Floating Point Numbers are Great

28/04/2025 10 min read See markdown

IEEE 754 makes so much sense.

Introduction

Before learning about floating point representation, we should review how integers are stored in the binary format. You probably know about the binary system and all that good stuff, but here is a quick refresher.

The rightmost bit starts with 1, then each bit has a value of 2, 4, 8, etc. This is the same as the decimal system which goes like 1, 10, 100, etc. but in base 2:

| 128 | 64 | 32 | 16 | 8 | 4 | 2 | 1 |

For example, the number 5 in decimal is represented by the binary number 101, because $5 = 4 + 1 = 1(2^2) + 0(2^1) + 1(2^0)$

| 8 | 4 | 2 | 1 |
|---|---|---|---|
| 0 | 1 | 0 | 1 | = 1*4 + 1*1 = 5

Fixed Point Numbers

We can extend the idea of how we represent integers to represent fractional numbers as well. Fixed point numbers are one way of doing this. After the decimal point, we continue dividing by 2 like $1/2$ , $1/4$ , $1/8$ , etc.
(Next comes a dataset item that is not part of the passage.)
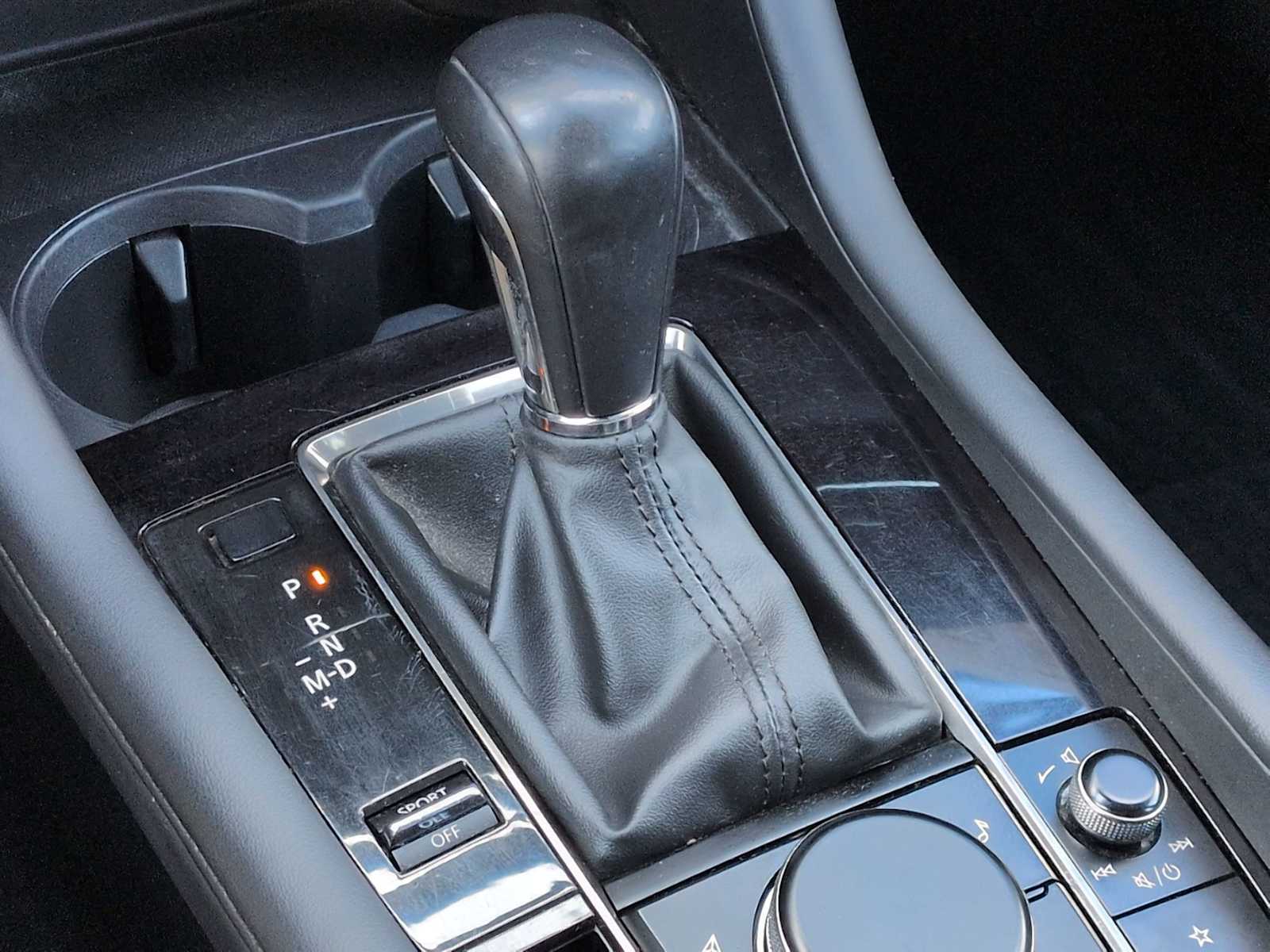 Thumbnail: 2020 Mazda Mazda3 - 28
For example, we can have an 8 bit fixed point number, with 4 bits dedicated to the fractional part like this:

| 8 | 4 | 2 | 1 | . | 1/2 | 1/4 | 1/8 | 1/16 |

A number like 6.75 can be represented as $0110.1100$ in this case:

| 8 | 4 | 2 | 1 | . | 1/2 | 1/4 | 1/8 | 1/16 |
|---|---|---|---|   |-----|-----|-----|------|
| 0 | 1 | 1 | 0 | . |  1  |  1  |  0  |  0   | = 4 + 2 + 0.5 + 0.25 = 6.75

Side Note

You might also notice that some numbers can’t be represented exactly. This isn’t just a limitation of binary system. This problem is present in all number systems when we have a limited number of bits.

Even our decimal system has this problem. Try to write the fraction $\frac{1}{3}$ in the decimal system. You’ll get $0.333333 \dots$ . We can never exactly write this value unless we go on forever.

This is called a rounding error.

The Problem

Fixed point numbers are a good first step, but they are very limited in terms of what we can do with them. Firstly, notice how we can only represent numbers from $0$ to $15.9375$ ( $\frac{1}{2} + \frac{1}{4} + \frac{1}{8} + \frac{1}{16} = 0.9375$ ). Remember that with integers, 8 bits can represent numbers from $0$ to $255$ . That’s a huge loss of range.

To accomodate for this, we can dedicate more bits to the integer part and less bits to the decimal part, like so:

| 32 | 16 | 8 | 4 | 2 | 1 | . | 1/2 | 1/4 |

Now we can go from $0$ to $63.75$ . That’s a wider range, but do you notice something? Now the fractional part can only be $0.5$ , $0.25$ , or $0.75$ . We gained on the range, but lost on precision.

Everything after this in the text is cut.